Below are records with pictures. Reproduce exactly the lines from the line with "Moose wilderness badge" to the line with "Shop Thom Browne", inclusive, and leave each picture out.

*** Opening Records ***

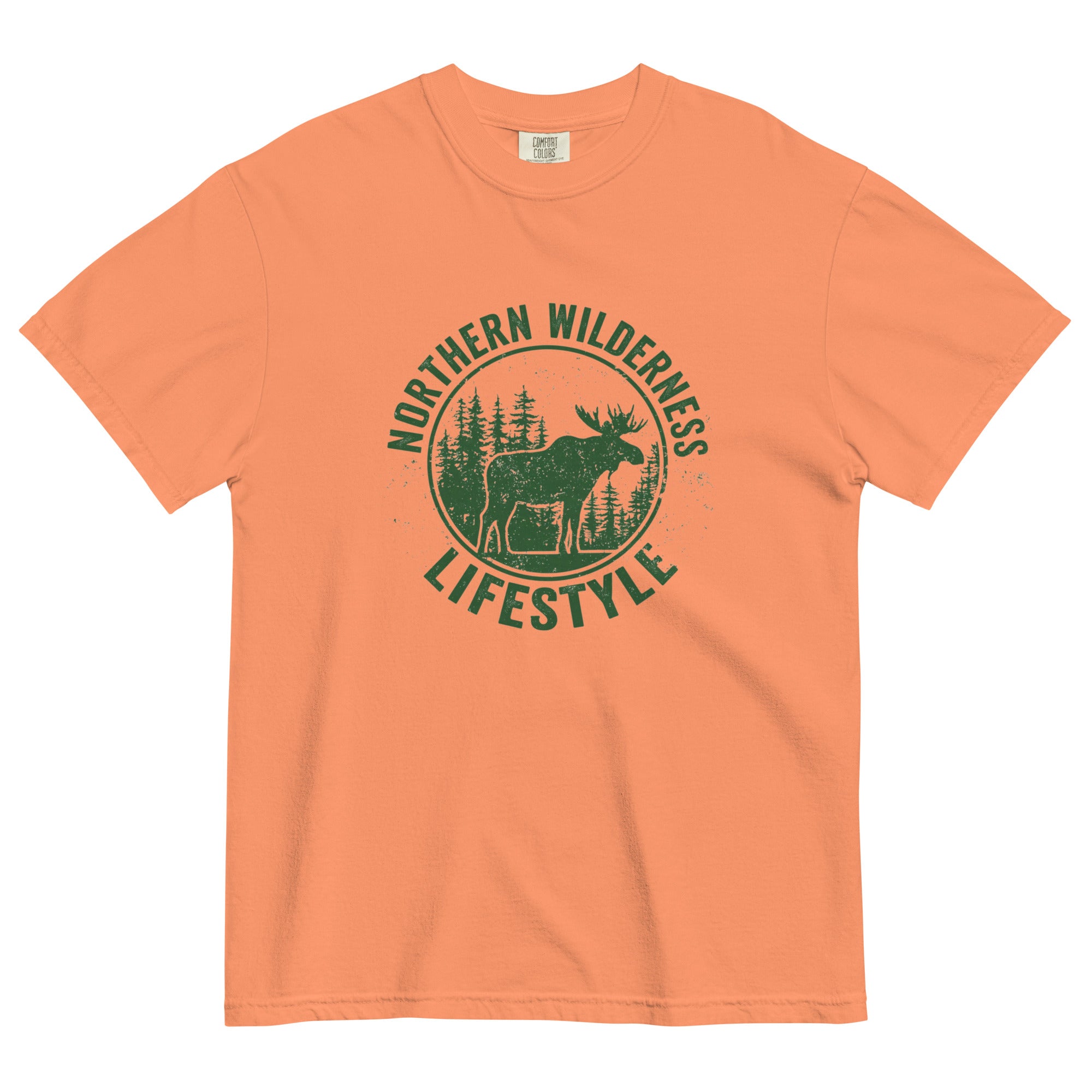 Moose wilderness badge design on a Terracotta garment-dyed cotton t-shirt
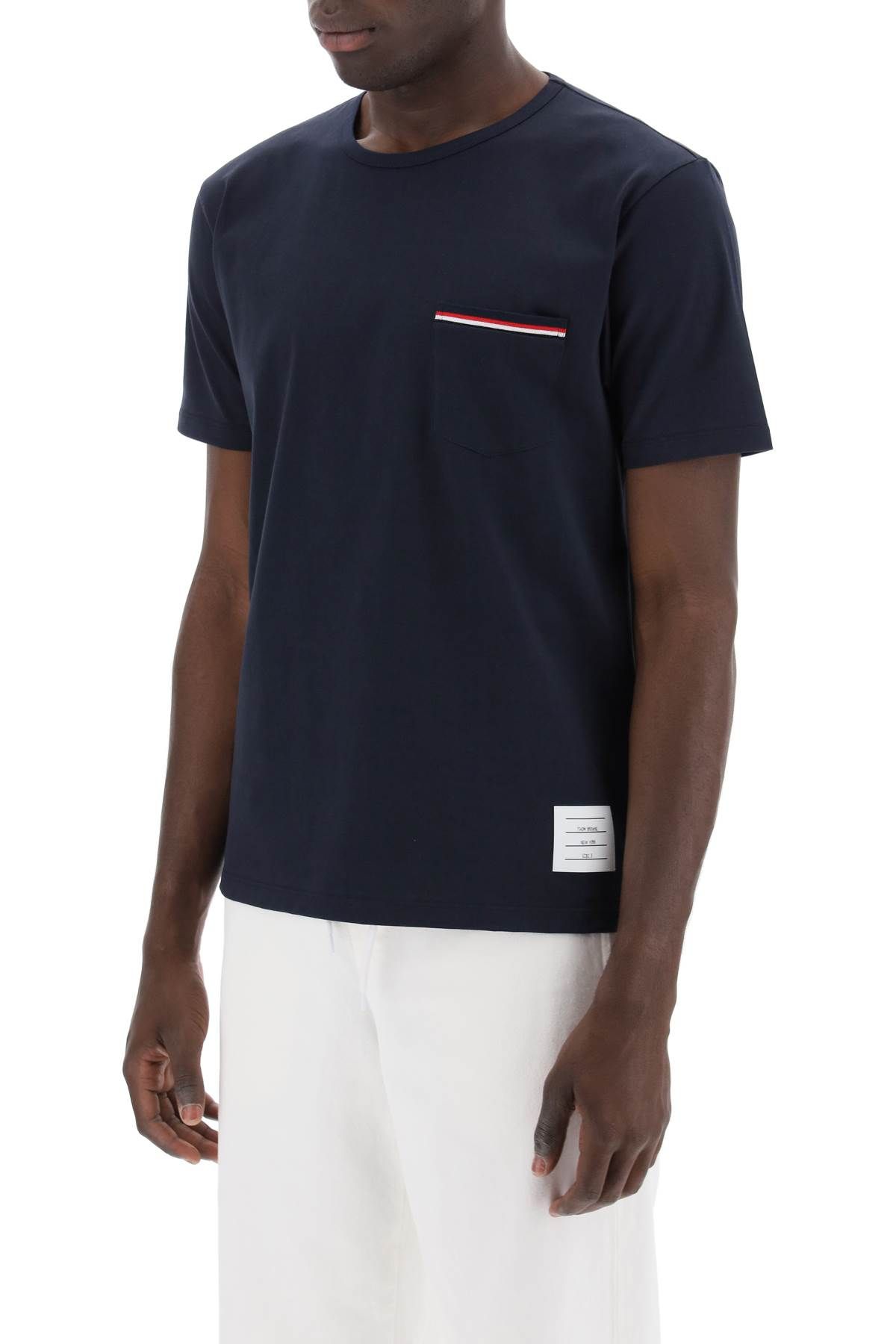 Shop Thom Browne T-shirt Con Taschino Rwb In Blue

*** Closing Records ***
*** Opening Records ***

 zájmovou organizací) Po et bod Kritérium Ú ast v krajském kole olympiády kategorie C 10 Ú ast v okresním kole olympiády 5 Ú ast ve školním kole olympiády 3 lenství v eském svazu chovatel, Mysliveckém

*** Closing Records ***

- _Exercise result_
 Moose wilderness badge design on a Terracotta garment-dyed cotton t-shirt
 Shop Thom Browne T-shirt Con Taschino Rwb In Blue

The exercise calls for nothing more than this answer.